How do you figure any engineering software will do you any good when California municipalities require a wet stamp for stepping stones...


----------



## Calidecks

The new code book is out now. Why the 2009 IRC?


----------



## Rio

griz said:


> How do you figure any engineering software will do you any good when California municipalities require a wet stamp for stepping stones...


We have a licensed and fairly competent architect on staff who will be running that end of things and who can stamp the majority of the projects we work on. 

He can toil through ASCE7-05 and get help from engineers we contract with for parts he has trouble with but as with many things it makes sense to take advantage of the current state of technology.


----------



## griz

Let the Archy/Engineer do their job....

A cheapo software will not replace them.


----------



## Rio

Californiadecks said:


> The new code book is out now.
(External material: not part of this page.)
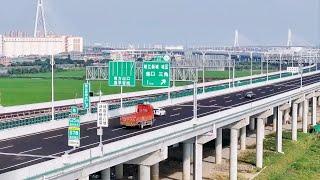 广东 南中高速建成通车 广深双城20分钟互达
Why the 2009 IRC?


We're still under the 2010 CBC (California Building Code) which is based on the 2009 IBC (International Building Code). California is always behind on when they change the current code. We were using the 1997 UBC until a couple of years ago and then were using the 2007 CBC.

As an aside on that we work with different engineers and one that we work with has developed his own spreadsheets with formulas and references the 2006 IBC all the time. 
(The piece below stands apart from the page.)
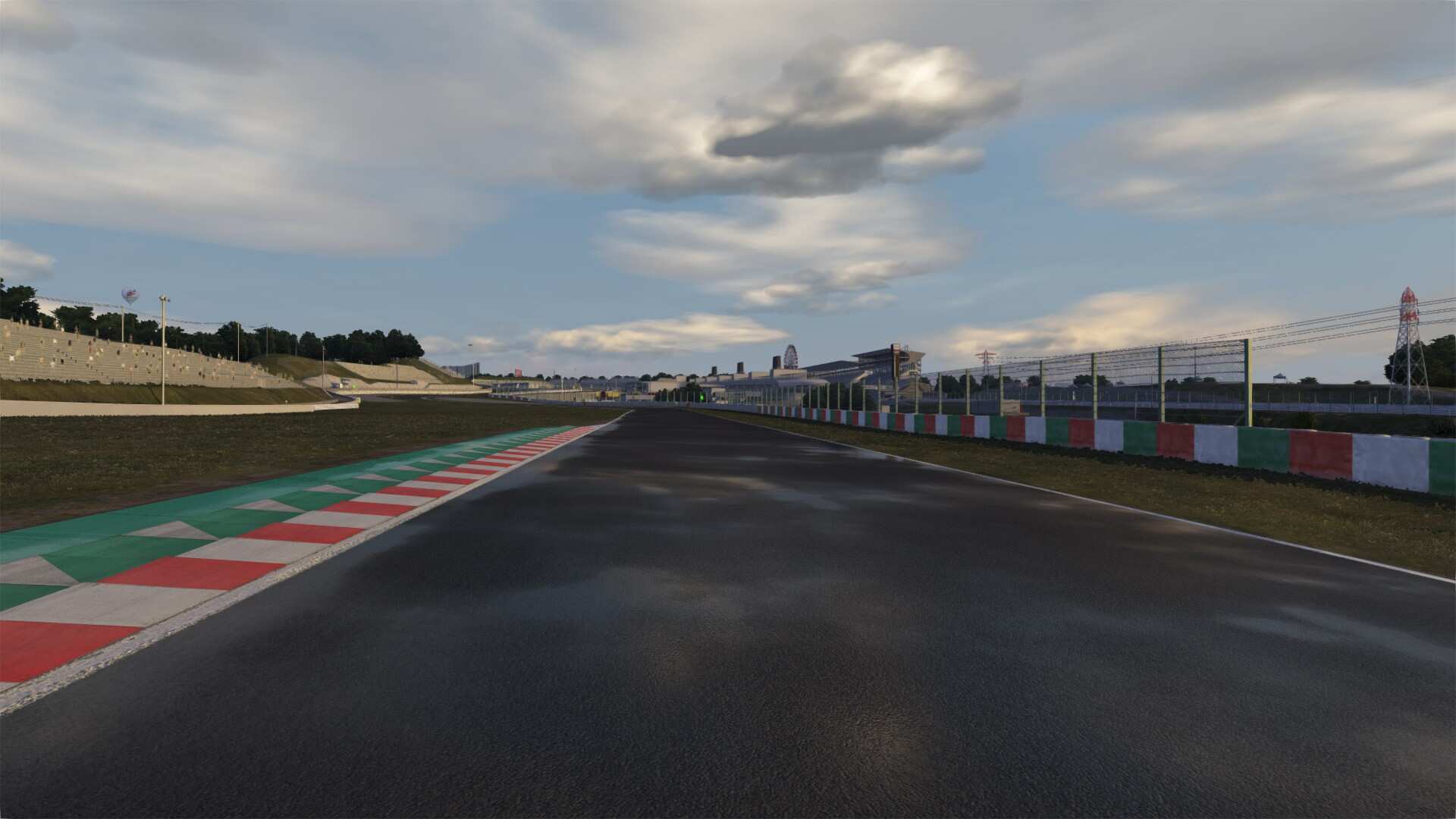 Suzuka International Circuit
I asked him about that and he said he never gets a problem with it and does large and complicated additions all the time all over southern California............ Go figure! I certainly can't because when we turn in plans we have to write on them that they will comply with a whole list of codes and none of them are earlier than 2010


----------



## Rio

griz said:


> Let the Archy/Engineer do their job....
> 
> A cheapo software will not replace them.


No, but a *good *software package can make their work not only more productive but also provide a check for what they're doing. There's some wonderful software out there for this profession now and it makes sense to take advantage of it or risk becoming an anachronism. Almost every engineer we work with is using software now. 

It's a similar issue going on with BIM (Building Information Modeling) vs. a regular CAD program and the same issue came up with CAD vs. hand drafting.


----------



## TLP

I'm not sure why you want a software that is limited to lateral load analysis. If you have solid bodies from a CAD program, NASTRAN and PACTRAN is best to upload to for stress analysis, if you have the correct impact loads. It can handle any industry or material design but it's not cheap.

Drafting and drawing's are old news to most industry replaced by 3D "Moldel Based Definiton" MBD..it's all in the 3D model now including drawing def and inspection criteria.


----------



## Rio

TLP said:


> I'm not sure why you want a software that is limited to lateral load analysis. If you have solid bodies from a CAD program, NASTRAN and PACTRAN is best to upload to for stress analysis, if you have the correct impact loads. It can handle any industry or material design but it's not cheap.
> 
> Drafting and drawing's are old news to most industry replaced by 3D "Moldel Based Definiton" MBD..it's all in the 3D model now including drawing def and inspection criteria.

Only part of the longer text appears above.